It was the year I turned fourteen that Sarah had invited her new boyfriend, Gerald, along to our family vacation. The pitter-patter of rain against the windows of our shore house punctuated each word as I complained to Mother in her private bathroom. A painted sign of a sea turtle in the ocean hung behind the toilet. Let the sea set you free.

"I mean, come on. Gerald? What kind of name is that?"

Mother only laughed causing indignation to bubble around my edges. My own sister! And here I was thinking we'd gotten past those terrible times. Being only two years apart and practically twins, it took time to adjust to the idea that nothing was really your own. But here lately, there had been more honest whispers under the covers at night and hugs that lasted just a little bit longer for no reason at all. Sarah could see me as a person and not just a pest.

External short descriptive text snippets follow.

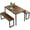 Brown, variant on SogesPower Modern Dining Table Set with 2 Benches, 3 Piece Dining Table Set- White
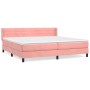Rosa vidaXL Boxspringbett 200x200 cm mit Matratze und Kopfteil.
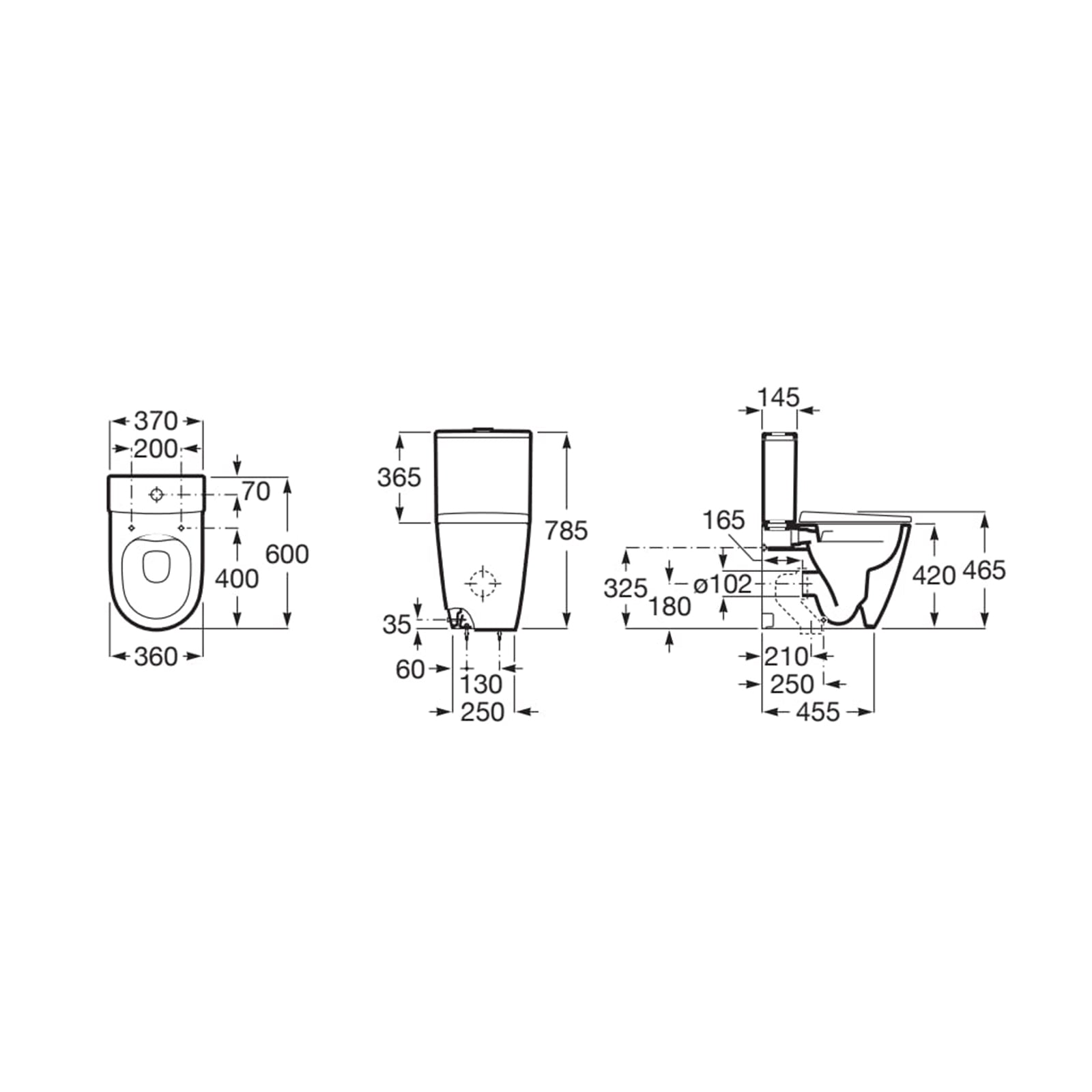 Roca Ona Rimless Compact Close Coupled Closed Back Pan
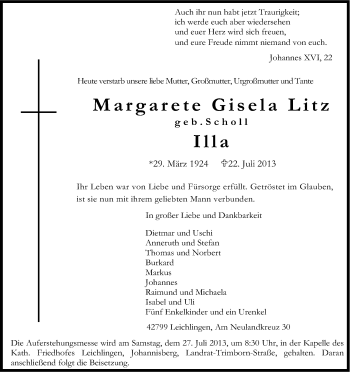 Anzeige von Margarete Gisela Litz Illa von Kölner Stadt-Anzeiger / Kölnische Rundschau / Express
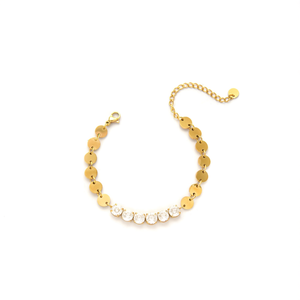 Pulsera de cristal de acero inoxidable 316L con baño de oro PVD, discos redondos con piedras transparentes para mujer. - Product Image 2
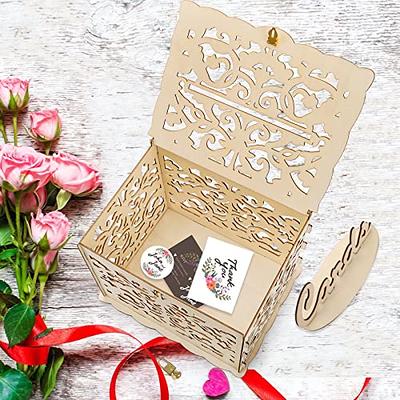 OurWarm DIY Wedding Card Box with Lock Rustic Wood Card Box Gift Card Holder Card Box Perfect for Weddings, Baby Showers, Birthdays, Graduations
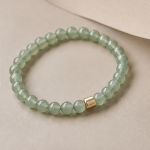 Green Aventurine Beaded Stretch Bracelet with Gold Accent - 图片 3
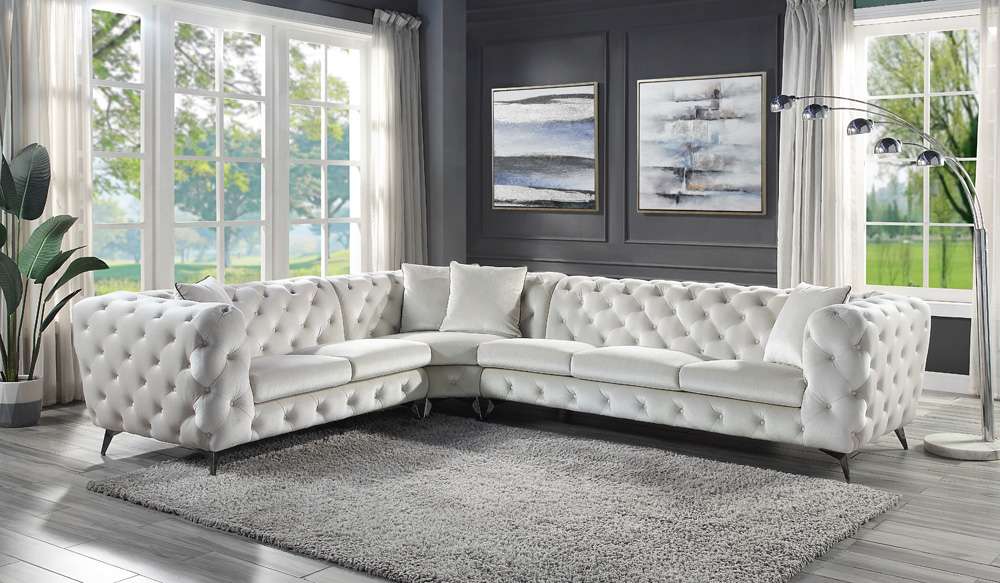 ACME Furniture - Atronia Sectional Sofa w/4 Pillows - Beige - LV01160 veiw 1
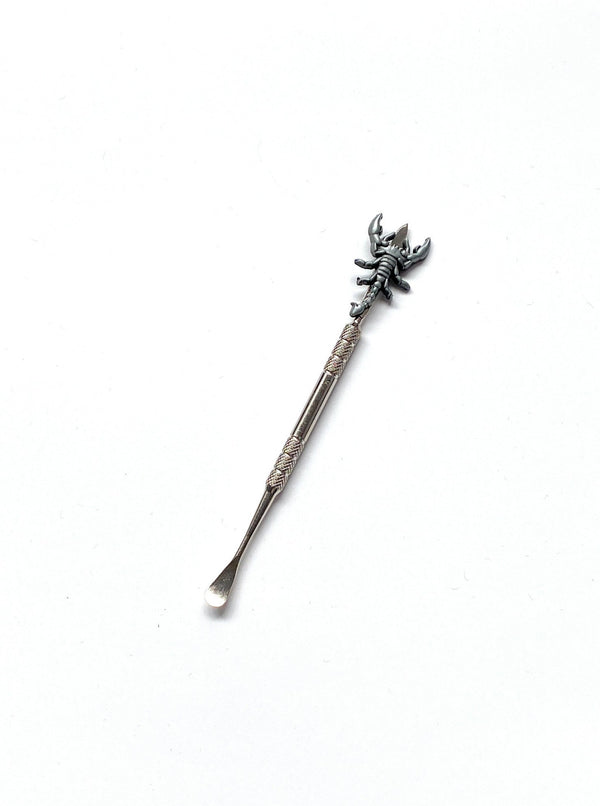 Mini Löffel mit Skorpion Applikation (ca. 120mm) Sniffer Snorter Snuff Powder Löffel Smoking Zubehör in Silber Scorpion Charm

Gerald came rushing down the stairs, tumbling so fast I prayed he would land on his face against the tiled floor but his muscled legs caught him at the bottom. Sarah followed after him, doing that fake laugh that made my skin crawl. Just because I was younger did not mean I was to be subjected to such treachery. I shucked corn leaves roughly into a paper bag as Mother spooned deviled eggs onto a decorative plate that said, "Welcome to the Beach".

"Thanks for the grub, Mrs. Belco," Gerald said.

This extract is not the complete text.